The ultimate romance drama climbing the Netflix charts: ‘Me Before You’
You know what hurts about this movie? Not the ending. Not the part where he dies. Not even the moment he says he is still going. What hurts, what completely wrecks you, is that she stayed. After everything, after knowing, after falling for someone who warned her from the beginning that he’d already made up his mind… she still stayed. And she loved him like she didn’t care if it broke her.
That’s why Me Before You isn’t just a romance movie. It’s a movie you carry. One of those films you put on again even though you know exactly what it’s about to do to you. And right now, with it trending at number six on Netflix globally, it feels like the whole world is remembering what it’s like to be wrecked by something that doesn’t even try to soften the blow.
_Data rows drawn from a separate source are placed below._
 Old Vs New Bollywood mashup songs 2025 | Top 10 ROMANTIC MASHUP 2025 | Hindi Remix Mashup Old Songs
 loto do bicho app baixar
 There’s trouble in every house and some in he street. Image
Louisa Clark is bright and ridiculous and doesn’t belong in a story like this. And that is exactly why she works so well. This full-of-life girl shows up with stripes and puff sleeves and a nervous laugh and absolutely no clue what to say to a man who clearly doesn’t want her around. But she stays anyway. Even when he’s cold. Even when he’s cruel. Even when it’s easier to walk out.
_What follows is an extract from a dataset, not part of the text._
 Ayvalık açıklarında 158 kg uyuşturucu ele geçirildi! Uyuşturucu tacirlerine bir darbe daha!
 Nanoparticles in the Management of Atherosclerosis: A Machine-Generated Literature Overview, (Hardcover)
Now, about Will Traynor, this man doesn’t make it easy. He was someone once sharp, active, and in control of everything. Now he needs help to eat and get dressed, and breathe through the day. And he has already decided he doesn’t want to live like that.
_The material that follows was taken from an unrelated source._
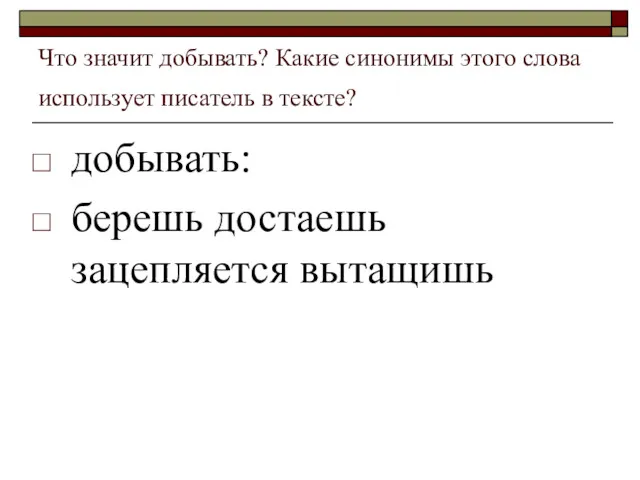 Что значит добывать? Какие синонимы этого слова использует писатель в тексте? добывать: берешь достаешь зацепляется вытащишь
Initially, it starts with Will pushing Louisa, and slowly, you don’t even realise what is happening. He starts teasing her. She starts pushing back. She brings him birthday balloons and terrible jokes and awkward silences, and without meaning to, they build something.
And then she finds out what happened. The Switzerland trip. The six months, those fucking six months. That she wasn’t just hired to take care of him; she was brought in to delay him. And even after knowing the truth, she just decides to stay, with that stubborn little spark that only Lou has, that she is going to change his mind.
And you watch her try. In the small ways that matter. The horse races. The trip abroad. The moment she reads him that book. The way she looks at him, like she is terrified to love him, but doing it anyway. And then that scene, in the rain, where she finally says it. She loves him. Fully. Without games. And he tells her no. That’s not enough. That she has made his life better, but not livable. And he says thank you. And sorry. And that she made it harder.
And she still goes. To Switzerland. To him. Not to stop him. Not to change his mind. Just to be there when it ends. Because that’s what love looks like in this movie: not holding on, but letting go, and sitting with someone when they need you the most, even if it breaks you in ways no one else will ever see.
You finish this movie, and you don’t cry because it’s sad. You cry because it was real. That’s why it’s trending again. Because some stories don’t fade. They wait for you to remember them.